L’appareil, dans ses deux versions, semble naturellement offrir des performances supérieures à celles du J-10C ou du J-16, notamment en ce qui concerne la furtivité et la survivabilité dans un environnement hostile. Son rayon d’action opérationnel dépasserait les 1800 km avec des réservoirs conformes, et sa configuration multi-rôle lui permet l’emport aussi bien de missiles air-air longue portée que de munitions guidées de précision. Le J-35A pourrait ainsi devenir un complément stratégique au J-20, plus lourd et centré sur la pénétration en profondeur.
La mise en production du J-35 débute en pré-série autour de 2023, avec une estimation variant entre 50 et 200 appareils selon les projections les plus récentes.

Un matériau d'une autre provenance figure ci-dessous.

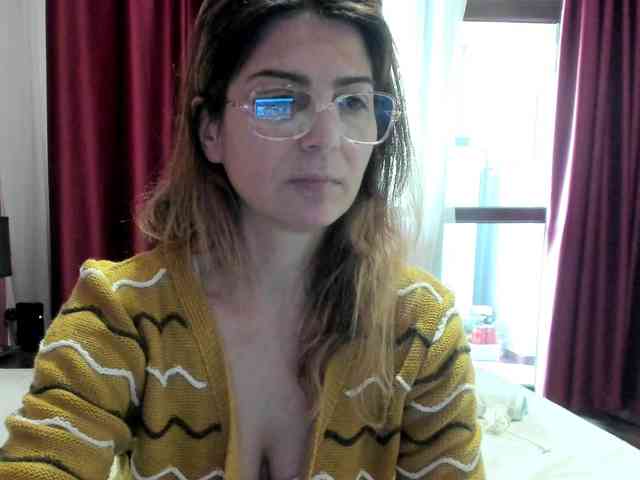 AngelNicollex webcam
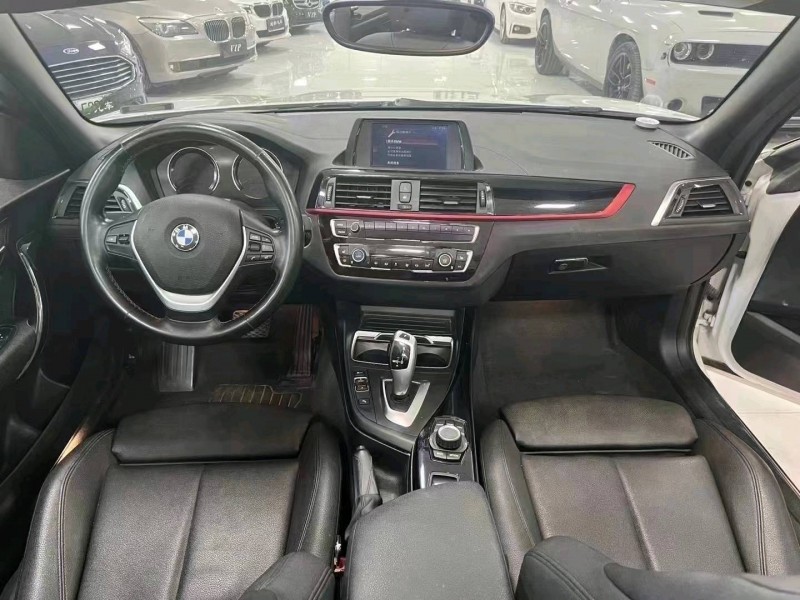 廊坊19年宝马2系6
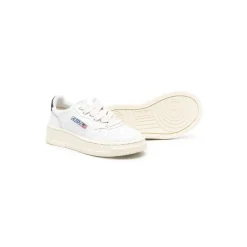 Witte Sneakers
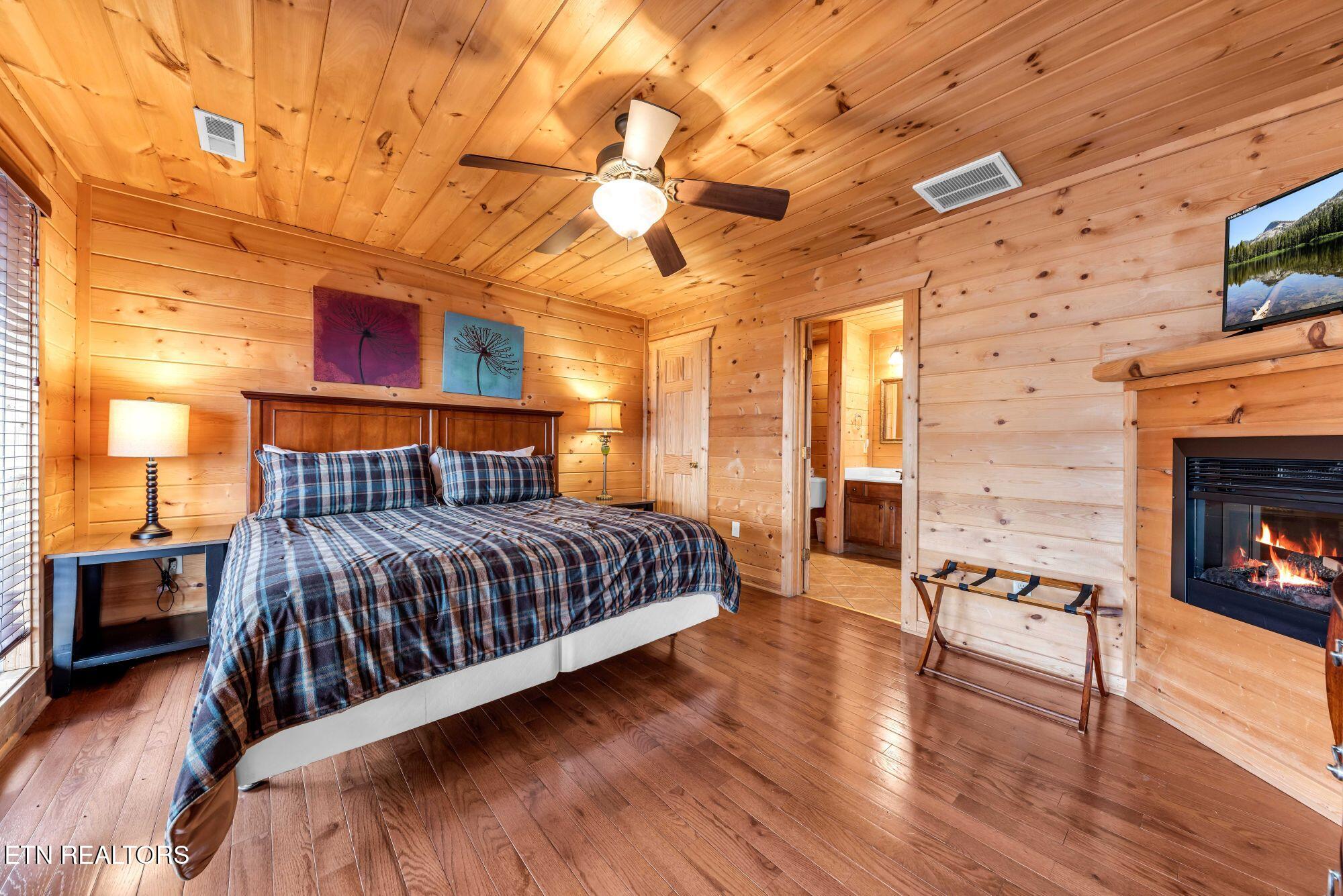 1173 Ski View Drive Gatlinburg TN 37738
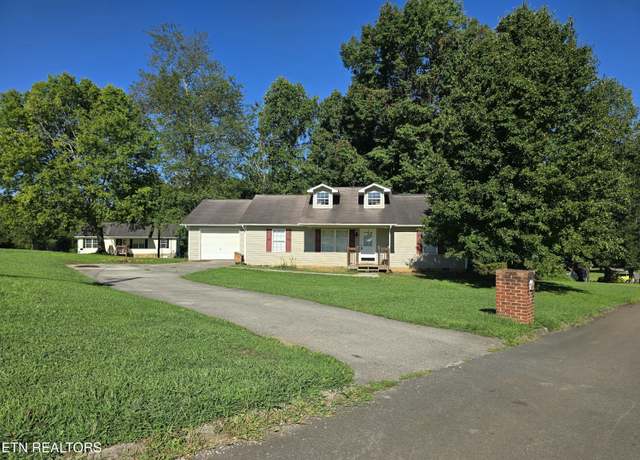 Property at 703 Duvall Ct, Strawberry Plains, TN 37871, 3 beds, 2 baths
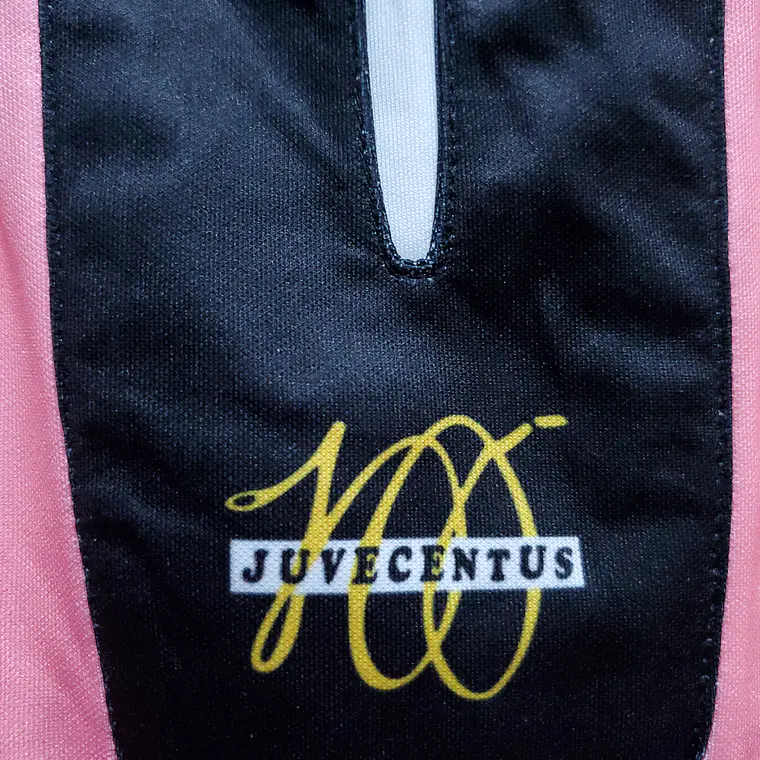 Juventus Away 98/99 7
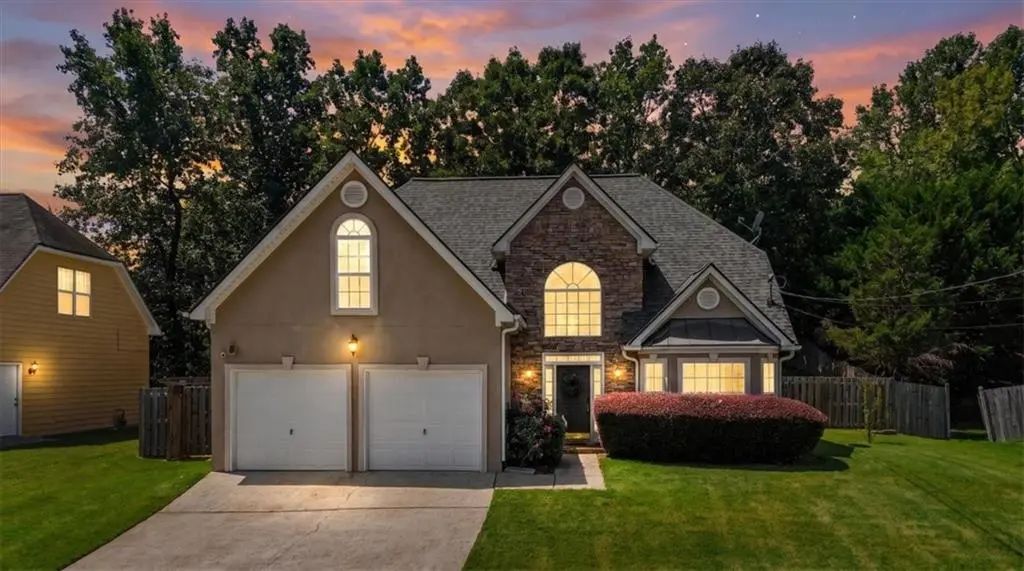 6014 W Rosie Lane Se, Mableton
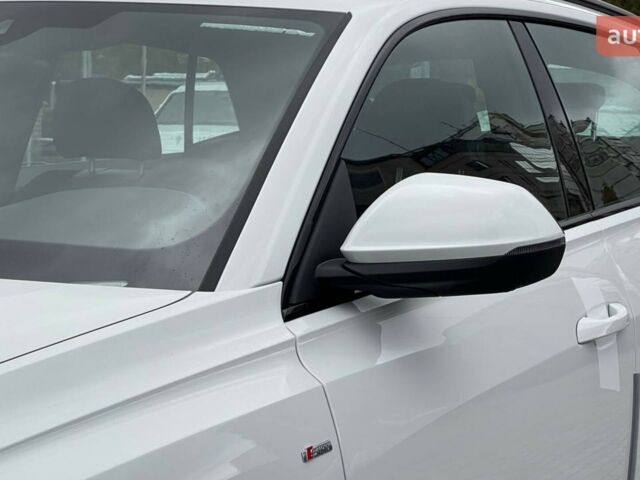 Ауді Q8, об'ємом двигуна 2.97 л та пробігом 0 тис. км за 103848 $, фото 10 на Automoto.ua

Les installations de SAC ont été adaptées pour permettre une cadence maximale de 24 exemplaires par an. Les premières unités à être dotées de la version navale devraient être des escadrilles expérimentales de la marine basées à Sanya ou Qingdao, tandis que la version terrestre serait attribuée aux régiments de chasse d’élite stationnés en Mongolie intérieure et dans le Hubei.
Le potentiel d’exportation, toujours évoqué mais évidemment non concrétisé, reste central dans la stratégie d’AVIC. Le FC-31 dans sa version d’export serait proposé à des partenaires comme le Pakistan — déjà client du JF-17 Thunder — ou à des États du Moyen-Orient ou d’Afrique du Nord en quête d’une alternative abordable au F-35. Toutefois, l’adoption massive à l’international dépendra de la maturité des chaînes logistiques et de la fiabilité des systèmes embarqués, en particulier des moteurs WS-19 et des modules radar locaux.
À l’heure actuelle, les capacités opérationnelles complètes du J-35 ne sont pas encore atteintes, mais l’appareil représente déjà une rupture technologique majeure. Il marque la transition d’une industrie chinoise dépendante de modèles russes (voire soviétiques) vers une capacité de conception autochtone avancée, tournée vers les standards occidentaux (sans nécessairement les copier). L’entrée en service progressive des versions navales et terrestres, couplée à leur intégration dans des architectures de guerre en réseau, devrait profondément remodeler la posture aérienne de la Chine dans la décennie à venir.